La seule difficulté consiste à bien se renseigner la veille sur les heures de départ des trains de Saint-Lazare, au risque de devoir patienter plusieurs heures, car ils sont rares dans la journée.
Chambre d’hôtes au château
Admirez ce magnifique lit de parade derrière sa petite balustrade. On se croirait dans un musée, mais pas du tout : il est possible de dormir dans ce lit ! Il se trouve au château de Bonnemare, à une trentaine de kilomètres de Giverny.
Bonnemare, c’est un château du dix-septième siècle habité par une famille d’agriculteurs. Les propriétaires louent les plus beaux appartements du château en chambres d’hôtes.
En fait de chambres, ce sont plutôt de merveilleuses suites où vous vous croyez dans les châteaux de la Loire, à Chantilly, à Vaux-le-Vicomte, à Versailles…
Salon de musique, boudoir, luxueuses salles de bains, partout des fresques, des stucs, des tapisseries, des rideaux qui dégringolent depuis le plafond, à quatre mètres de haut.
Un week-end à Bonnemare est un bien joli cadeau, qui demande tout de même de casser sa tirelire : 246 euros la nuit et le petit-déjeuner pour deux personnes. Mais c’est un moment privilégié de parcourir le château avec la maîtresse des lieux, qui a grandi là et connaît sa demeure sur le bout des doigts. D’anecdote en historiette, de détail architectural en meuble remarquable, on s’aperçoit soudain que la visite dure depuis deux heures et qu’on n’a pas vu le temps passer.
Au réveil, on prend son petit déjeuner dans l’ancienne cuisine du château. Dans la cheminée qui peut accueillir quatre personnes debout, un tournebroche est entraîné par des poulies mises en mouvement par la convection thermique du foyer. L’inventeur de cet ingénieux système aujourd’hui encore en parfait état porte un nom de code : Leonardo da Vinci.
Le Jardin aux iris, Giverny
8 juillet 2006 / 7 commentaires sur Le Jardin aux iris, Giverny
De retour de Londres, Monet retrouve avec bonheur le printemps givernois. Il peint quatre toiles dans cette partie de son jardin. C’est d’abord (Le Printemps, Giverny, w1620) une vue des pommiers en fleurs se découpant sur du ciel bleu, avec un horizon placé un peu au-dessous du milieu de la toile.
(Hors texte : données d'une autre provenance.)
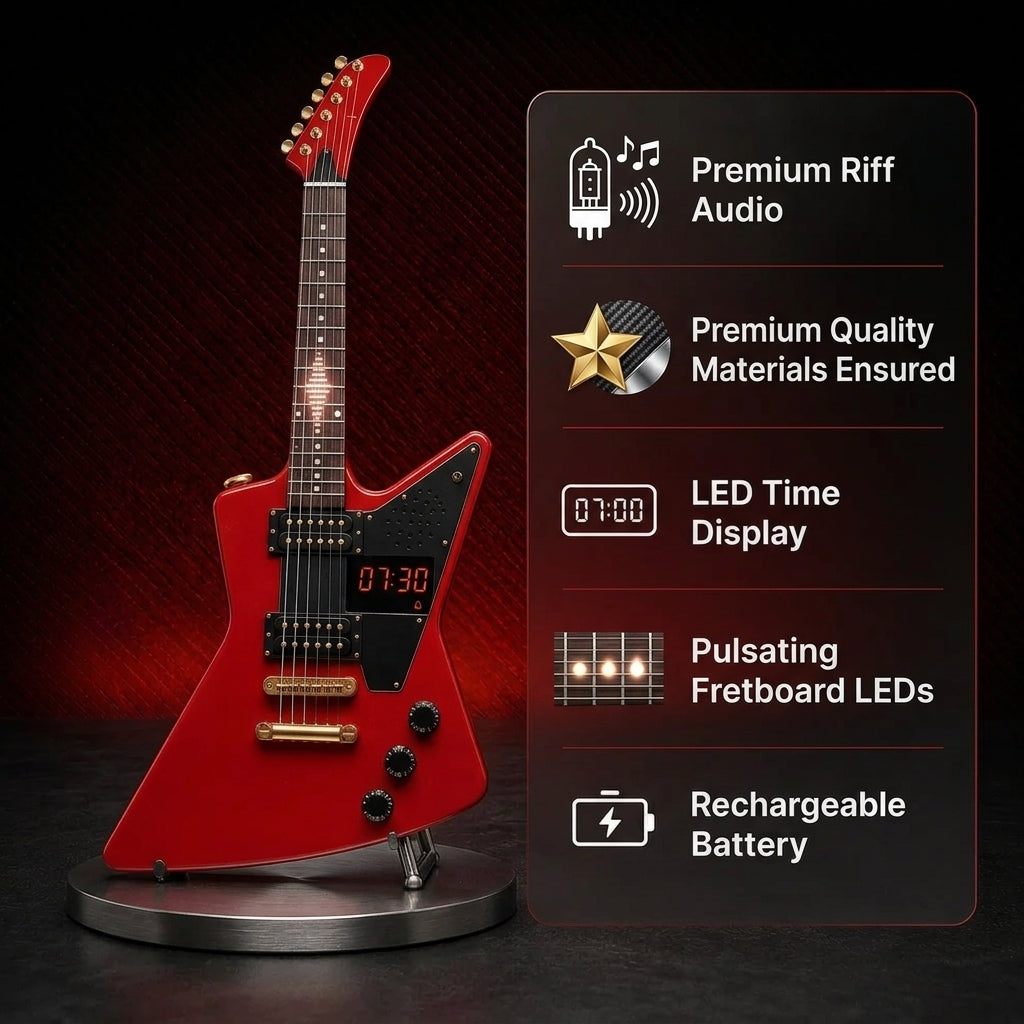 🎸 Electric Guitar Shaped Alarm Clock | Rock Style Desktop Decor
Les touffes d’iris se confondent avec l’herbe au pied des arbres.
Puis (Pommiers en fleurs, w1621) Monet introduit la petite allée à la droite du tableau.
Dans son troisième tableau illustré ici, Monet change le cadrage pour placer l’horizon très haut. La floraison des pommiers a cédé la place à celle des iris. Le chemin semble sortir de nulle part. Les fleurs l’ont-elles envahi ? Cachent-elles un de ses détours ? L’allée permet en tout cas d’entrer dans le tableau, et de marquer la profondeur du verger.
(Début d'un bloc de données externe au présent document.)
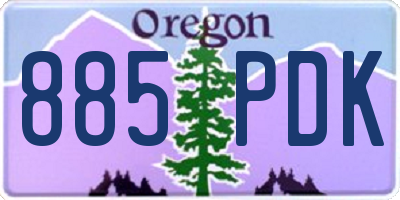 OR license plate 885PDK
La touche vibrante, très impressionniste de Monet se retrouve dans le traitement des feuillages et des massifs de fleurs. Ils apparaissent comme des masses colorées. Pour restituer l’impression printanière, Monet a employé des couleurs fraîches et claires, dans une harmonie de verts tendres et de mauves.
Dans son quatrième tableau (Allée de jardin, w1623) Monet monte encore l’horizon afin de diminuer l’importance des pommiers et augmenter celle des iris en fleurs. L’évolution de ses cadrages préfigure celle des Nymphéas. Au bord de son bassin, Monet donnera progressivement de moins en moins de place aux berges pour se concentrer sur les nénuphars flottant sur l’eau.